Commentary: Being childless feels worse than being single

  • By Rachel Kramer Bussel Special to The Washington Post
  • Sunday, September 25, 2016 1:30am
  • Life

By Rachel Kramer Bussel, special to The Washington Post

I’ve never believed in The One. In the long stretches of my 20s and 30s when I was single and looking for a partner, I never felt incomplete because I wasn’t in a relationship. I wanted a partner, but never felt like I needed one.

So when I met my current boyfriend in early 2012 and we started getting serious, I was thrilled. I continue to be amazed that our relationship has lasted four times as long as any of my prior ones. I love our very stable adult life. Before him I’d only foraged for furniture. I never cooked, eating takeout and frozen meals exclusively. I lived paycheck to paycheck, and I was an active hoarder.
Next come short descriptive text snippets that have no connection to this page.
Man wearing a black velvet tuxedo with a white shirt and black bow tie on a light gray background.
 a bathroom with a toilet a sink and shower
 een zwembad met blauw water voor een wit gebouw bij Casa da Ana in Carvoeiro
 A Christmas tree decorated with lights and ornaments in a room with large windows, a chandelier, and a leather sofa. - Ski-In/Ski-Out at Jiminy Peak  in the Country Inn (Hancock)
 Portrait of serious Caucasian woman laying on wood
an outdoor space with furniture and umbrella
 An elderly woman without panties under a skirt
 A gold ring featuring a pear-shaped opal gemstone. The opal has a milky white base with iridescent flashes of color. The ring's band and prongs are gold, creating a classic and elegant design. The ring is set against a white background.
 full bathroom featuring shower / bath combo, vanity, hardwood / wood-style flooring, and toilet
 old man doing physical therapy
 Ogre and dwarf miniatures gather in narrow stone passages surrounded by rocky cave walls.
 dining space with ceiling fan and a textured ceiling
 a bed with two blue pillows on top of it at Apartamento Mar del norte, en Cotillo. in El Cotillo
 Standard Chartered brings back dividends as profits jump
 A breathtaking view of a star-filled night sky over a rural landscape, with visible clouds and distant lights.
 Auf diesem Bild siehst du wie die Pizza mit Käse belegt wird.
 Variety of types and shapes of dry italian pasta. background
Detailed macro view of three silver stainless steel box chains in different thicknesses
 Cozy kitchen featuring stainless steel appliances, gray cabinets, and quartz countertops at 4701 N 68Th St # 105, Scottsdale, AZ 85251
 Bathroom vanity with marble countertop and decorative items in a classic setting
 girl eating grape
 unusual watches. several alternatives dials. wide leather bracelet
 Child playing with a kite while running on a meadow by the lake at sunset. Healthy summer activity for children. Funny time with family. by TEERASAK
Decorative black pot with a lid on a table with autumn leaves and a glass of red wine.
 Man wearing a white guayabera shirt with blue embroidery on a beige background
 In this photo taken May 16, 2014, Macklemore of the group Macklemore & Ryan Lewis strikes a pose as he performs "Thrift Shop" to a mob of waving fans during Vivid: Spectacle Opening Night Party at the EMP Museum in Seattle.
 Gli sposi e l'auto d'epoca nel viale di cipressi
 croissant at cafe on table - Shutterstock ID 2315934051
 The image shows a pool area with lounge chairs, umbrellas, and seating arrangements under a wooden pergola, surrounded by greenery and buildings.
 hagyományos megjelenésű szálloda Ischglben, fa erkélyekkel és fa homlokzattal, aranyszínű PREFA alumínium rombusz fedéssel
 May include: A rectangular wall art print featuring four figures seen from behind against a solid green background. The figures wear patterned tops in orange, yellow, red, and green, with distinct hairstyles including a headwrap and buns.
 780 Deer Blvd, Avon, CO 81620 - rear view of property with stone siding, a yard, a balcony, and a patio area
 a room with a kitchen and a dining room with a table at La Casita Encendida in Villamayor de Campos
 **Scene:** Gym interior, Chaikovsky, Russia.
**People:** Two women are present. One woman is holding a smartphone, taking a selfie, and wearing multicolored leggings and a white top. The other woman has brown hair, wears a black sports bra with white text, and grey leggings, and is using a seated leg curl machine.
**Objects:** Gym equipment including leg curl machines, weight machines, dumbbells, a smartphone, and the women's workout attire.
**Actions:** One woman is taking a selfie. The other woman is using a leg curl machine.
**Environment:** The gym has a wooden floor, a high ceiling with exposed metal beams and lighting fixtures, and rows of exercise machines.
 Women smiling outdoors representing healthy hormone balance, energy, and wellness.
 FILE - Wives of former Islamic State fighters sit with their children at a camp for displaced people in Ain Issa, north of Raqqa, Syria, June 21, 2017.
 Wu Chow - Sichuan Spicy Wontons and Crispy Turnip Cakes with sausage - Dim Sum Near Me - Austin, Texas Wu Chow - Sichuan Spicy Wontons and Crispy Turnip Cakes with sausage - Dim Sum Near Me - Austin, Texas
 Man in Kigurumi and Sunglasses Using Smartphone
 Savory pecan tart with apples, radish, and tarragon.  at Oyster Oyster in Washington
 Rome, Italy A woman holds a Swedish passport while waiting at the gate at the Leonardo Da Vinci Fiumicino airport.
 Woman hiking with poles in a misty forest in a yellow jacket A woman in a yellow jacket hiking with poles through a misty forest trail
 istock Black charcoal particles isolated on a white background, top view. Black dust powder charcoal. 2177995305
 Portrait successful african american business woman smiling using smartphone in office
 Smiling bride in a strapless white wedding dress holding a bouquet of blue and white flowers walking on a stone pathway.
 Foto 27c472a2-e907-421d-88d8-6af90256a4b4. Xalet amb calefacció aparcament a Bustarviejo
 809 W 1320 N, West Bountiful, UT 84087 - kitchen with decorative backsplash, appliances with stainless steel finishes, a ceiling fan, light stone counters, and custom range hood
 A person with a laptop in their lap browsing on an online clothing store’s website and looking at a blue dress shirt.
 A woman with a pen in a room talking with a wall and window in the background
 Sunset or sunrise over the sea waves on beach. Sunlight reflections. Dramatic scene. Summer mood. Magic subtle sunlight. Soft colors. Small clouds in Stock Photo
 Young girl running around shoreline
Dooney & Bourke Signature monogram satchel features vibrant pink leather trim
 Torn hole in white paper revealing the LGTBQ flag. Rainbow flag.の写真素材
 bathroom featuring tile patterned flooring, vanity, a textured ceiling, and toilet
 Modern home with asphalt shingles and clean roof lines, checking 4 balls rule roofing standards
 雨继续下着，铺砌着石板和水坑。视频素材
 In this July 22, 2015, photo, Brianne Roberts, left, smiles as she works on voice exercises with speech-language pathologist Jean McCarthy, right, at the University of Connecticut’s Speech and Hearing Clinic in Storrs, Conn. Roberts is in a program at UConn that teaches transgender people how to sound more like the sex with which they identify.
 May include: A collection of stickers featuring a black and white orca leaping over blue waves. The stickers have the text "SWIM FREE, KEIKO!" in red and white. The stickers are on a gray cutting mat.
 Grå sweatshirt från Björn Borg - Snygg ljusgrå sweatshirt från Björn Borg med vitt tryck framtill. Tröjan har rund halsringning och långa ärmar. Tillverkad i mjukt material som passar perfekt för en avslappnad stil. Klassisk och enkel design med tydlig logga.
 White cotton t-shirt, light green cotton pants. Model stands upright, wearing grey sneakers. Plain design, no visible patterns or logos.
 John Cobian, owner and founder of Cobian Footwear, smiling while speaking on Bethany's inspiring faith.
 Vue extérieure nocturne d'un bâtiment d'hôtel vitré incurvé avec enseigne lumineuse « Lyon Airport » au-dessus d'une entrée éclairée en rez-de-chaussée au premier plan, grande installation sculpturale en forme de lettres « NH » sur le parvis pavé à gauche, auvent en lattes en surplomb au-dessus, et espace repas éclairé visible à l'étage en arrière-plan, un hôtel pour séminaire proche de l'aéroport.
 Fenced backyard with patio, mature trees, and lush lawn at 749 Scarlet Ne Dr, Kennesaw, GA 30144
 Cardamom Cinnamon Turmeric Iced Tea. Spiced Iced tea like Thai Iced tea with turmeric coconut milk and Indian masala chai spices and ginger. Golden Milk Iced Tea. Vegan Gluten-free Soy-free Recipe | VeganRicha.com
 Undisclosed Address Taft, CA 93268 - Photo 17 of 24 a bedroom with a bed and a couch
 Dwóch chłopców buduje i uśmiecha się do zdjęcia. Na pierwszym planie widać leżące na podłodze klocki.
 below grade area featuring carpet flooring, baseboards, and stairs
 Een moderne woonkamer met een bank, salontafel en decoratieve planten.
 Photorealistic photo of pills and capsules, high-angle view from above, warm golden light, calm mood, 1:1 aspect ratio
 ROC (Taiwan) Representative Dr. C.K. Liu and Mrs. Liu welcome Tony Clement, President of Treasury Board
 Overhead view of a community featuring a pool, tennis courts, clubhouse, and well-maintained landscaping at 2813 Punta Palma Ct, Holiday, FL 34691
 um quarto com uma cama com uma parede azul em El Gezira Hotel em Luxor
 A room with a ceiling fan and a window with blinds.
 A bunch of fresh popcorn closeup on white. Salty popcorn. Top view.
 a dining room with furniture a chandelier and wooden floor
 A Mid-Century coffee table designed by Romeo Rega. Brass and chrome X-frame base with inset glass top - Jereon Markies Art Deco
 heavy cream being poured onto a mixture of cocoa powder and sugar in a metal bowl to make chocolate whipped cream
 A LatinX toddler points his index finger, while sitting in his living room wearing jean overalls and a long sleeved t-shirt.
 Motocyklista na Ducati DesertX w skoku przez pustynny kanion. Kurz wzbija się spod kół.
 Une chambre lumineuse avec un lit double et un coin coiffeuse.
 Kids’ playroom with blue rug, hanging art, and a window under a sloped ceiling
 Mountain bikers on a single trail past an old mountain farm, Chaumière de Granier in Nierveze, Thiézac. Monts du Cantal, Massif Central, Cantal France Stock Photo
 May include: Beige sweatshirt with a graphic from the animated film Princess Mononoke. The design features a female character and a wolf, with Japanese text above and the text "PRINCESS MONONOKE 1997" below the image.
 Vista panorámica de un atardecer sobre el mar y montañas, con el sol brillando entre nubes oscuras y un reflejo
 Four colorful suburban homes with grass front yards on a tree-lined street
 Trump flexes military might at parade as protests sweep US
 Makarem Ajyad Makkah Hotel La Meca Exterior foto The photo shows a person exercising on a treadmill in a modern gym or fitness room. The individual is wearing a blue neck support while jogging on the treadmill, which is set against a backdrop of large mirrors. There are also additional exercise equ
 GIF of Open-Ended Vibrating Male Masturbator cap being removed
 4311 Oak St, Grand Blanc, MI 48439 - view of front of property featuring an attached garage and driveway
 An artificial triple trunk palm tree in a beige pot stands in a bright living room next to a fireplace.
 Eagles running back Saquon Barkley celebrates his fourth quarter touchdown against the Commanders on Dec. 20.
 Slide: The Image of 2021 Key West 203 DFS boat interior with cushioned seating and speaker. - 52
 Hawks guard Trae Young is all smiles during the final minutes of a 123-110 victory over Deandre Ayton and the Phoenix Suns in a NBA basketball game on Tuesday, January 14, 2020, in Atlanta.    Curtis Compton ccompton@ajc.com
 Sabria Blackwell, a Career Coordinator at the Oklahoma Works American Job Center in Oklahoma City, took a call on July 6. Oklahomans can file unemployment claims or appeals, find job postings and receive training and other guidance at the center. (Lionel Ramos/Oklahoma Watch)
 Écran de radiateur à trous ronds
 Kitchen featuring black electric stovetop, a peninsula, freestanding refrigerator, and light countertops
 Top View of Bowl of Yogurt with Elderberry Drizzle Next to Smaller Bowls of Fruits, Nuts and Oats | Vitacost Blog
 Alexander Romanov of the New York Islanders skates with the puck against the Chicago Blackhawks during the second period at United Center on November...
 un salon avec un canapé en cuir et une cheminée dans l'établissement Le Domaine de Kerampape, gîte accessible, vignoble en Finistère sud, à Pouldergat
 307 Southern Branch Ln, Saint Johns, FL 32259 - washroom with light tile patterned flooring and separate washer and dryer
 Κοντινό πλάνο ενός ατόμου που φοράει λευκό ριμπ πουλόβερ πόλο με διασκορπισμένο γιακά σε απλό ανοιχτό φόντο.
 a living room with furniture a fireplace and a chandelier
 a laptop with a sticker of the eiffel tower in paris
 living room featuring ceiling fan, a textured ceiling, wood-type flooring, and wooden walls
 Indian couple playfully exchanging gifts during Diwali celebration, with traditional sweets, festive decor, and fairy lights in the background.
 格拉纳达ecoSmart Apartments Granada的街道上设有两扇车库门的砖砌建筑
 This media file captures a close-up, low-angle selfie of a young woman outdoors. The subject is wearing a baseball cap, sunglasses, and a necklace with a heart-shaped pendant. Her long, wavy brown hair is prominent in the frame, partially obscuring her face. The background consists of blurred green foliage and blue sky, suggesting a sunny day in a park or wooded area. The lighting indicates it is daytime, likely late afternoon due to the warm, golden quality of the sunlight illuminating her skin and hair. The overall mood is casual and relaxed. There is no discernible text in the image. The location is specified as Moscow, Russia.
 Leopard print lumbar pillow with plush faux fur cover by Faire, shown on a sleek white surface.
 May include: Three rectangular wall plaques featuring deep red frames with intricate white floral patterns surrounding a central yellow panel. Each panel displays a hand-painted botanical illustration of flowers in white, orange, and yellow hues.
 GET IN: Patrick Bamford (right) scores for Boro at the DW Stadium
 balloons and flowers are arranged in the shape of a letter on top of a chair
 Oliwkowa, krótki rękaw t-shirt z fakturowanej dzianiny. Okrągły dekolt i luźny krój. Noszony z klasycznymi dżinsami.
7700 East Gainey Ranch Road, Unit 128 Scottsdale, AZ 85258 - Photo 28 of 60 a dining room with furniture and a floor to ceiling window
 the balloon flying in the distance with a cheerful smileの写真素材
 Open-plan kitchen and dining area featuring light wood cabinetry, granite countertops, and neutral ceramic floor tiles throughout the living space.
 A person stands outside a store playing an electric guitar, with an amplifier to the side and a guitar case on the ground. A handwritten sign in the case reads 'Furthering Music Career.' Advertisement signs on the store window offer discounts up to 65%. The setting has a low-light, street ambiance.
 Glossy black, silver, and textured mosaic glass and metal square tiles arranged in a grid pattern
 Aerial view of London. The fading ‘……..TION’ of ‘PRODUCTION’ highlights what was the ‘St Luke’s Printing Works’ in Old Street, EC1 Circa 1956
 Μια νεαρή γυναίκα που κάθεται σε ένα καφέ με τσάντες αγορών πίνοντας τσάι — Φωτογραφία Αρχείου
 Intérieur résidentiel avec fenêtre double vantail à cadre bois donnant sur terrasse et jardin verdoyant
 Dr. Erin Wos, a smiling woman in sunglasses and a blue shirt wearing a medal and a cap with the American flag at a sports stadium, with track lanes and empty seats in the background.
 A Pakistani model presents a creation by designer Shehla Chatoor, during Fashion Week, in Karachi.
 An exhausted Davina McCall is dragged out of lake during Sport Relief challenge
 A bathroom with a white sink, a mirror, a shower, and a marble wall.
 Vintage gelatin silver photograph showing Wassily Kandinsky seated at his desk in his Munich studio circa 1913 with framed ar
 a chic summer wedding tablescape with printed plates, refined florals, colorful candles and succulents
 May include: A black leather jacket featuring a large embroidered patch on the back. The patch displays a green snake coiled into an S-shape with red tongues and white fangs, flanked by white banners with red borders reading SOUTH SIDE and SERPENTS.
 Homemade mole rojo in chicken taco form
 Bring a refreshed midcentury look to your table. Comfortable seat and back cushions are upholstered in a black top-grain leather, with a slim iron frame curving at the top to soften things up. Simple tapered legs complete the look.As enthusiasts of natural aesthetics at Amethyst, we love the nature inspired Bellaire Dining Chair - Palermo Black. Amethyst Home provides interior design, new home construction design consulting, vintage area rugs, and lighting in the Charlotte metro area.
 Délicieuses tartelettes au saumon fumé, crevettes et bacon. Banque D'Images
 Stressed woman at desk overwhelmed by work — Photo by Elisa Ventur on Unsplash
But one vital element is missing: kids.

Being childless feels far worse than being single ever felt. I truly do feel like someone is missing from my life, and until I meet him or her, I will always be searching.

This feeling crystallized at a recent potluck at my friend’s son’s preschool. I was helping clean up, smiling as the kids received balloon animals. A little girl, probably a year old, wanted some water; her mom was handling the balloons, so I opened a bottle of water and held it to her lips. I struggled to find the right angle, not wanting to tilt it too high and dump water all over her. She wasn’t speaking yet, so she communicated only with her sweet wide brown eyes.

In the minute or so that I helped her to those gulps of water, which still managed to spill down her dress despite my carefulness, I felt an overwhelming urge to pull her close and give her a hug. Her mix of delicateness and strength, her ability to communicate nonverbally, her gorgeous eyes staring back at me as if we weren’t strangers, all completely sucked me in.

If I could feel so much for a child I didn’t even know, who belonged to someone else, how much love would I have for a child I named and fed and cared for every day? That question haunts me.

Recently, my great-aunt asked me why I want to have kids. “I know you want to, I just don’t know why,” she said. It’s a shockingly personal question that no one had ever asked me. I struggled momentarily for a response before settling on: “I feel like I have all this maternal energy to give, and it doesn’t have an outlet.”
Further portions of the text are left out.